# TASK TO COMPLETE
Only the lines of the listing below that run from the line with "An assemblage of" through the line with "팬에 기름을 약간 두르고" are to be set down, word for word. Pictures stay out.

Top of RECORDS FOR PROCESSING

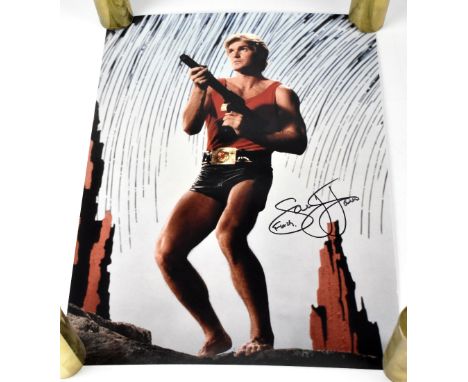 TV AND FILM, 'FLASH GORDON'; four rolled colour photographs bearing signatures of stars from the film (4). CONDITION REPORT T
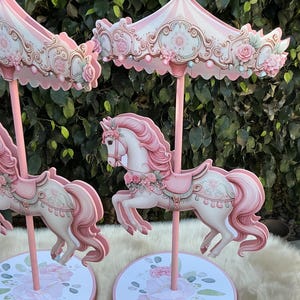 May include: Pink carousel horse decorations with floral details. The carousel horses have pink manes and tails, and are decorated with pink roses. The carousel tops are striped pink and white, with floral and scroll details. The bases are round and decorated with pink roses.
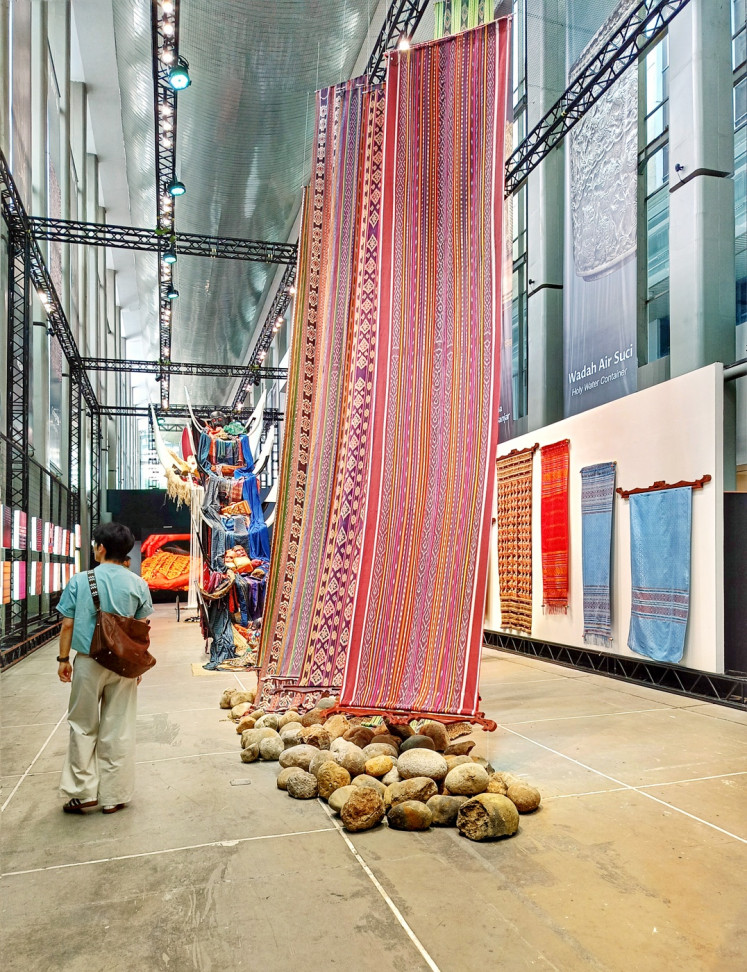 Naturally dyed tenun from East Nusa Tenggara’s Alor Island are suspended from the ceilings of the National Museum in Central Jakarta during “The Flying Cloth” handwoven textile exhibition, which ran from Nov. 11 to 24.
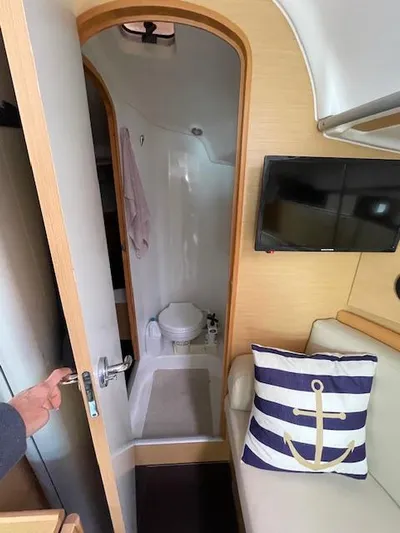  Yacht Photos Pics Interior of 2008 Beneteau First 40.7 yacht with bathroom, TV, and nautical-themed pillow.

Bottom of RECORDS FOR PROCESSING
Top of RECORDS FOR PROCESSING

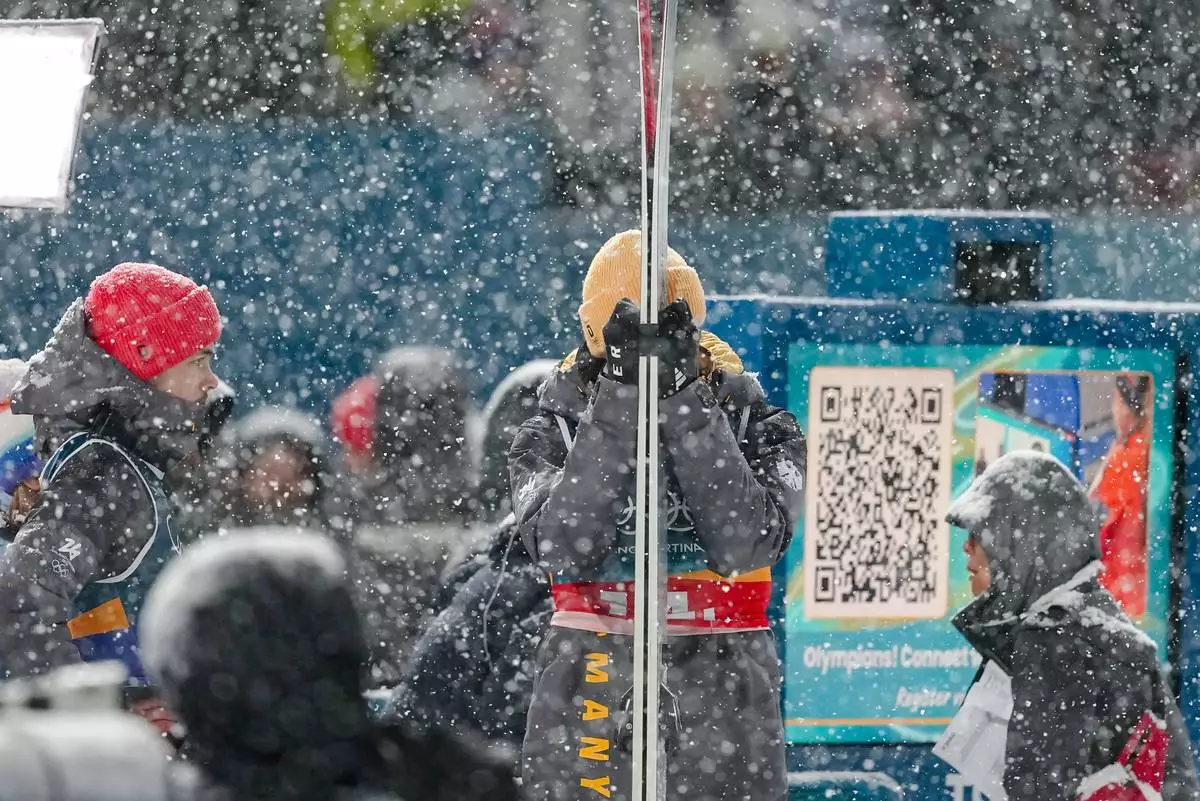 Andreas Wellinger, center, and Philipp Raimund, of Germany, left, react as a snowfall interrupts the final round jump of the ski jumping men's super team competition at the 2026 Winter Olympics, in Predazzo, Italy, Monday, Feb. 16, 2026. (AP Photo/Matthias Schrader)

Bottom of RECORDS FOR PROCESSING
Top of RECORDS FOR PROCESSING

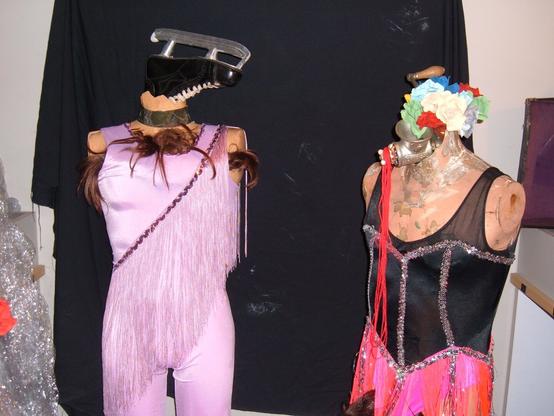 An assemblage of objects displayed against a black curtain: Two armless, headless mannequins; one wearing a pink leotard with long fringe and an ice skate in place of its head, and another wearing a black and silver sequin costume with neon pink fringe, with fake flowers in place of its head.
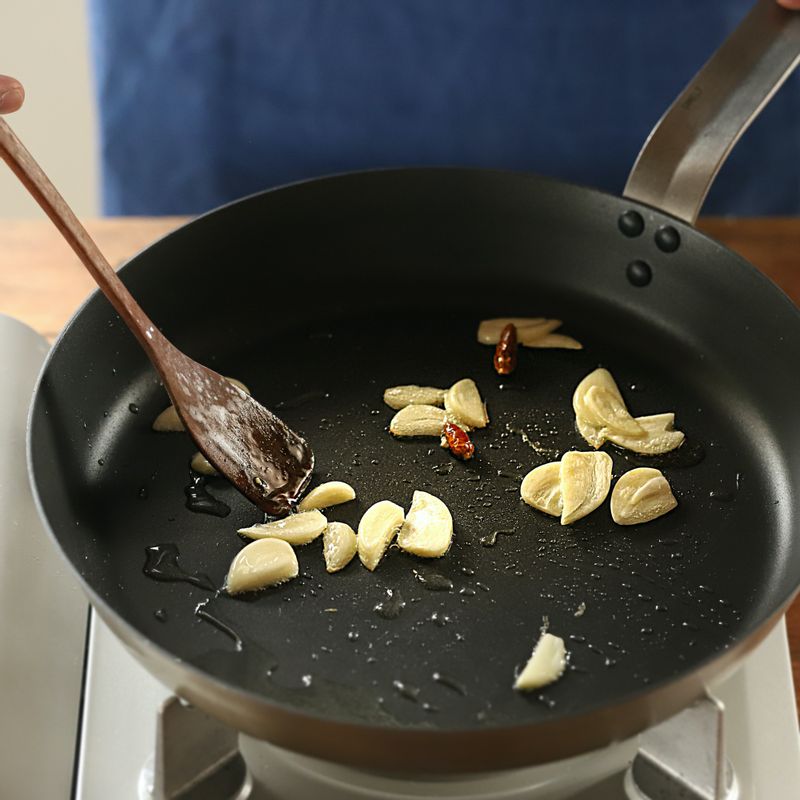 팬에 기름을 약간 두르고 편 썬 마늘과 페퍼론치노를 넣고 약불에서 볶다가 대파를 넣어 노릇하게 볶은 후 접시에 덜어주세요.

Bottom of RECORDS FOR PROCESSING

# EXERCISE RESPONSE
 An assemblage of objects displayed against a black curtain: Two armless, headless mannequins; one wearing a pink leotard with long fringe and an ice skate in place of its head, and another wearing a black and silver sequin costume with neon pink fringe, with fake flowers in place of its head.
 팬에 기름을 약간 두르고 편 썬 마늘과 페퍼론치노를 넣고 약불에서 볶다가 대파를 넣어 노릇하게 볶은 후 접시에 덜어주세요.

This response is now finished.